Oftentimes companies do not pay attention to the loan agreement and sign it off as standard template of the bank. The banks in turn do their bit in convincing management, and particularly younger entrepreneurs that such is the case and that everybody signs the same document.

Nothing could be further from truth.

Remember: A bank’s job is to protect its own interest and earn a commission or interest charge on the money which it extends to you. Period! Do not let friendly commercials make you feel any other way. Banks are not interested in helping you set or scale up your business. That’s squarely your job.

Reviewing the broad terms of the loan agreement

Most people pay all due attention to the broad terms of the loan agreement, including:

  1. The term and tenure;
  2. Security for loan or charge;
  3. Interest rate;
  4. The terms of repayment.

Very few look at the fine print that follows. While a lot of the clauses are boilerplate, within that, a lot could be negotiated and possibly struck off depending on your business and future plans. Your best chance of doing this is naturally before signing the agreement when you have some negotiating power with the bank.

Negative covenants – Negotiating beyond the broad terms

A negative covenant is an undertaking given by the borrower to the bank that the borrower shall not do certain things without prior consent of the bank. In most loan agreements, these terms are standard and appear towards the end.

Common Negative Covenants for Corporate Loans

In a typical corporate loan, you will find the below negative covenants:

The company shall not undertake any of the following activities without obtaining prior consent from the bank:

  • Issue any debentures, raise any further loans, accept deposits from public, issue equity or preference capital, change capital structure, create charge on its assets or give any guarantees (unless for normal trade guarantees or in ordinary course of business);
  • Undertake any new project or venture, modernization and expansion of existing projects;
  • Enterinto fresh selling and purchasing agreements;
  • Prepay any debenture/ loans availed from any other party;
  • Pay any commission to its promoters, managers, directors or other persons for furnishing any guarantees;
  • Declare or pay any dividend to its shareholders during any financial year unless all dues to the bank have been cleared for the year;
  • Create subsidiaries;
  • Merge, consolidate, re-organise or compromise with its shareholders or creditors;
  • Make any investments by way of deposits, loans, share capital in any concern;
  • Revalue its assets;
  • Carry on any trading activity;
  • Sell, dispose of or create any mortgage, loan or charge on assets charged to the trustees;
  • Utilize the proceeds of debentures for financing funds or acquiring securities of other group companies;
  • Modify, amend or alter the project document or the power purchase agreement;
  • Sell present, or future revenues or cash flows to be received or create any charge or encumbrance on them;
  • Raise any new capital or create any charge on its assets;
  • Remove any person exercising substantial powers of management;
  • Not pay any commission to a person exercising substantial powers in a year where the bank has not been paid its dues for the years, nor pay any compensation for loss of office for such person for whatever reason in such year;
  • Appointment or reappointment of persons who will exercise substantial powers.
Prepayment and Termination Clause

Loan agreements can be terminated with a prior notice from either party.

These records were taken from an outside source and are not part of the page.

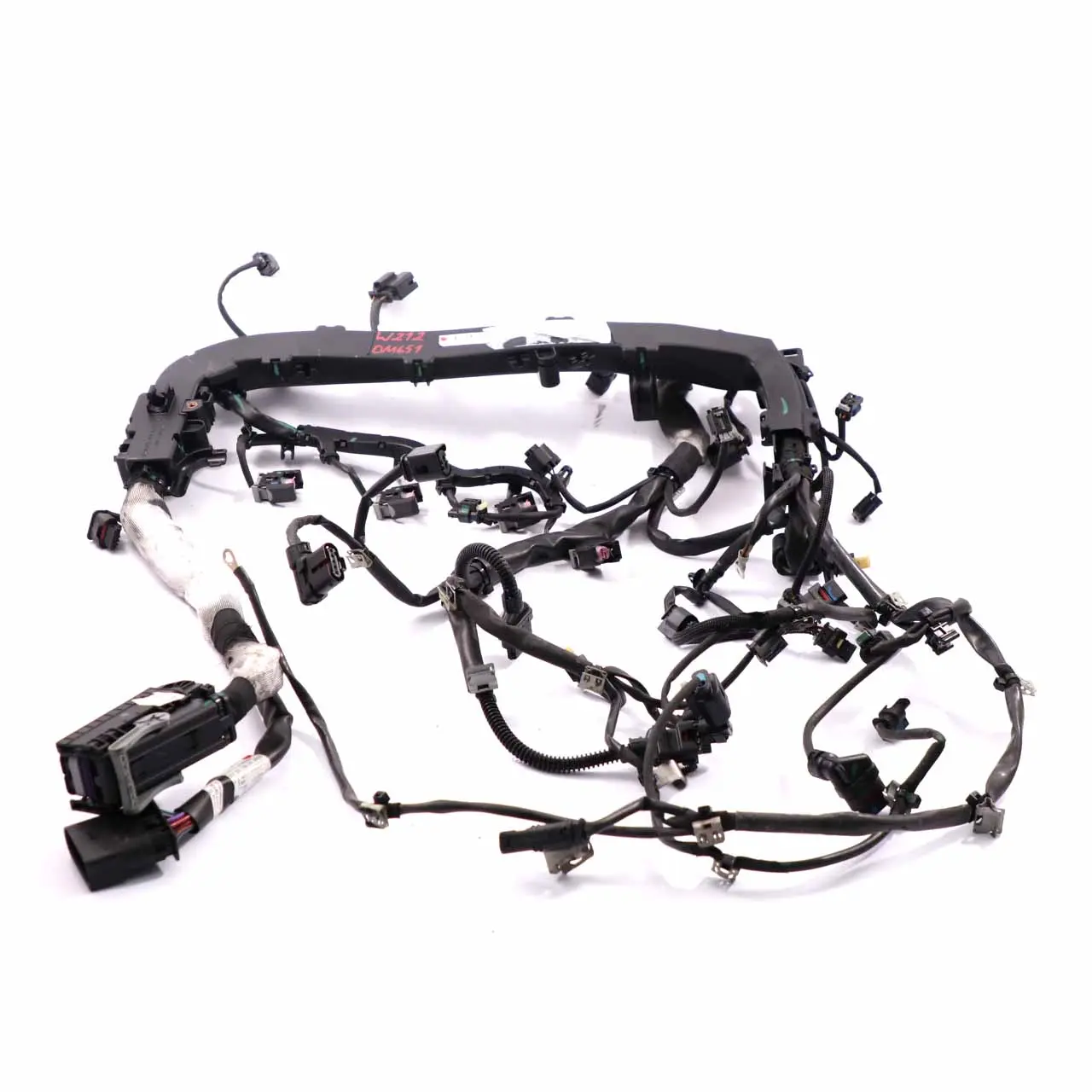 Mercedes W212 OM651 Motore Diesel Cablaggio Cavo Loom A6511503633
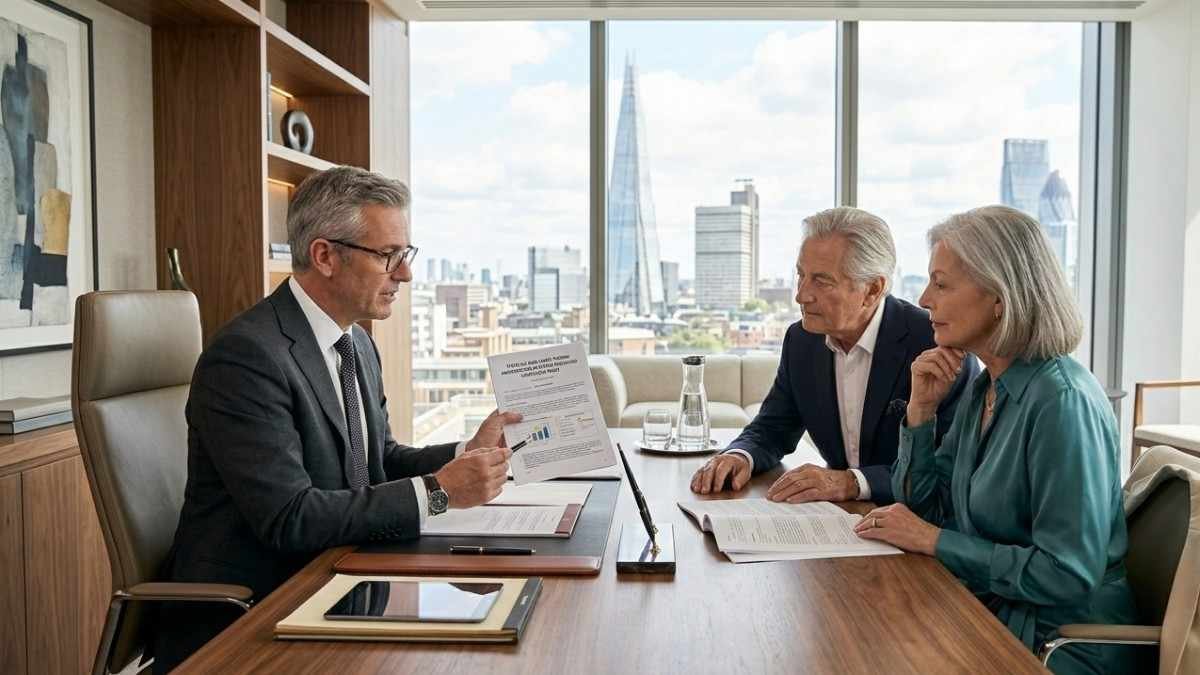 Important Legal Considerations When Setting Up a Trust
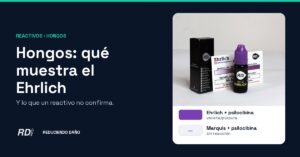 Portada: hongos psilocibios y el reactivo Ehrlich, con el frasco y su color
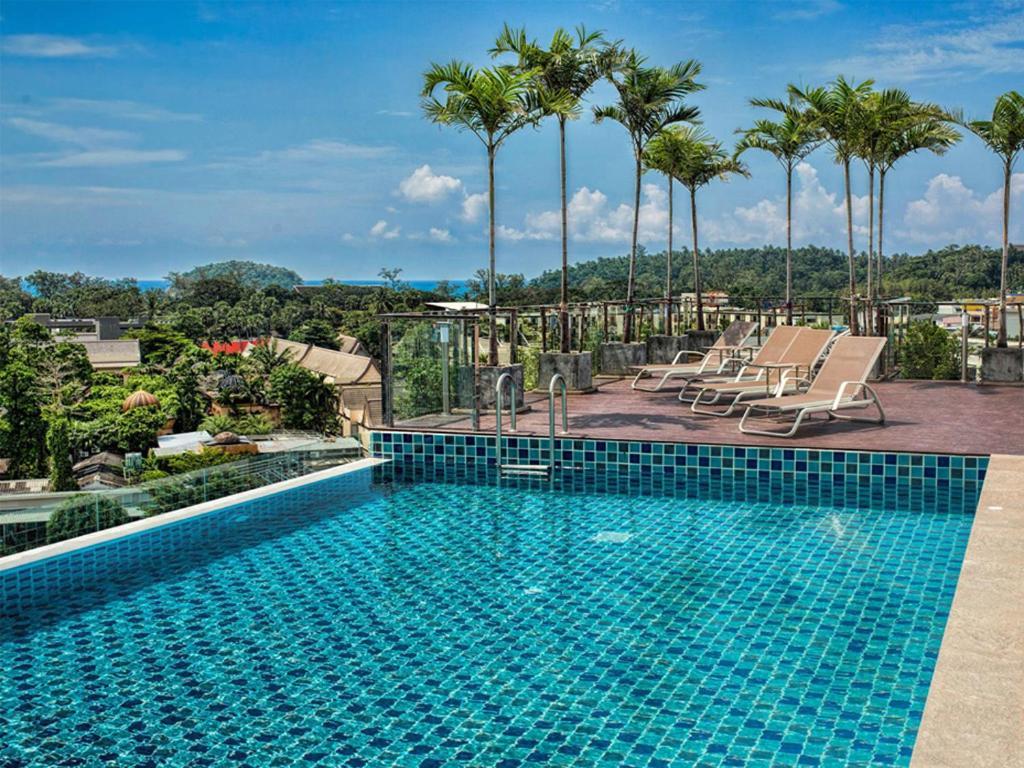 Superbe Avec Salle De Bain Privee Phuket Phuket *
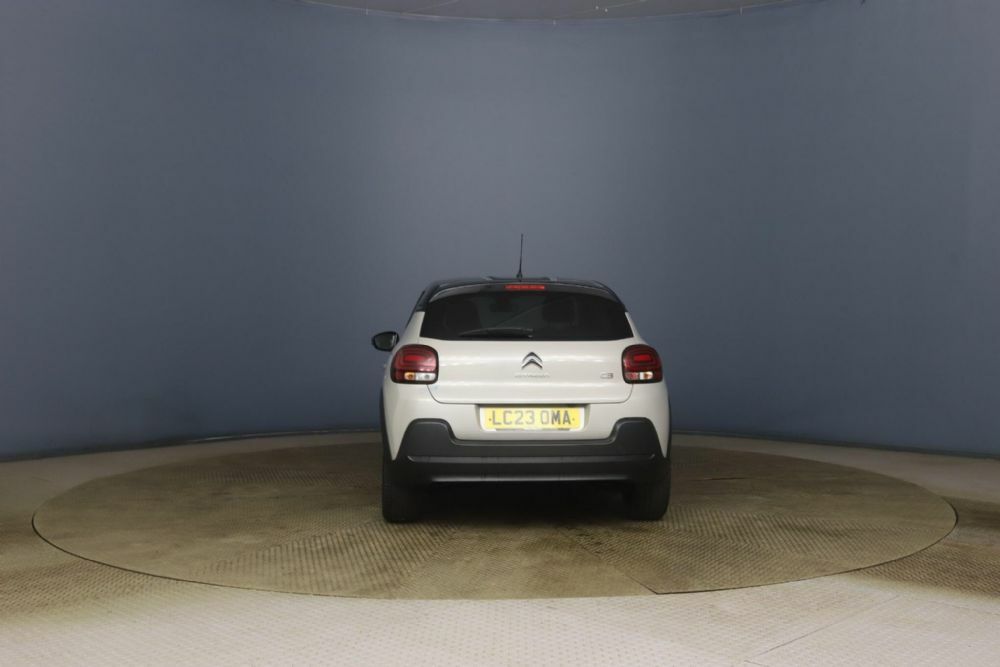 Citroen C3 1.2 Puretech C-series Edition Euro 6 S S Beige #5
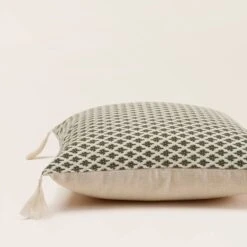 Housse De Coussin SANJAY -Univers du Lit Boutique 8fc6474dc0c1438ab403f80602cbb91f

Typically banks will have a prepayment clause in their loan agreements and will charge you a small percentage of the principal amount as a prepayment penalty. Chances are that in case of a pre payment of a loan, either things have gone very well or that you are planning to restructure the loan. Make sure that the pre-payment clause does not impose a penalty higher than 2-2.5% of the outstanding balance.

Why is it important to read the loan document in its entirety?

Before we even answer that, there are 2 things that need to be highlighted here:

I.            First, for most part banks will not invoke any clause even if a business were in violation of one or more of these. This is particularly the case for large well established businesses. The reason is simple. Banks need these companies to extend loans to them far more than these companies need the banks (the fact that The State Bank of India has still not liquidated any assets of Kingfisher Airlines is a proof to this). Think about it, which corporate would like to open a credit facility with a bank which has previously sold of the assets of a client or forced a client to file for bankruptcy?

II.            Second, when it comes to smaller or midsized businesses, a bank may not act the same way. Small and midsized businesses are not the regular bread and butter clients of a bank. Further, the chances of a small business failing are a lot higher than a well established corporate, a fact that banks are well aware of, and hence they are less willing to give time to a smaller business.

As a young or midsized business (actually, even as a well established business), what you need is the flexibility and autonomy to carry on and scale up the way you want. Imagine having to deal with a situation where you need to convince a bank about the merits of getting new partners into your business, or of merging with or acquiring a business?

What a company should be doing is analyze carefully its future plans and negotiating terms on that basis. Oftentimes, bad terms in a loan agreement can prove fatal for a business when things do not go as planned.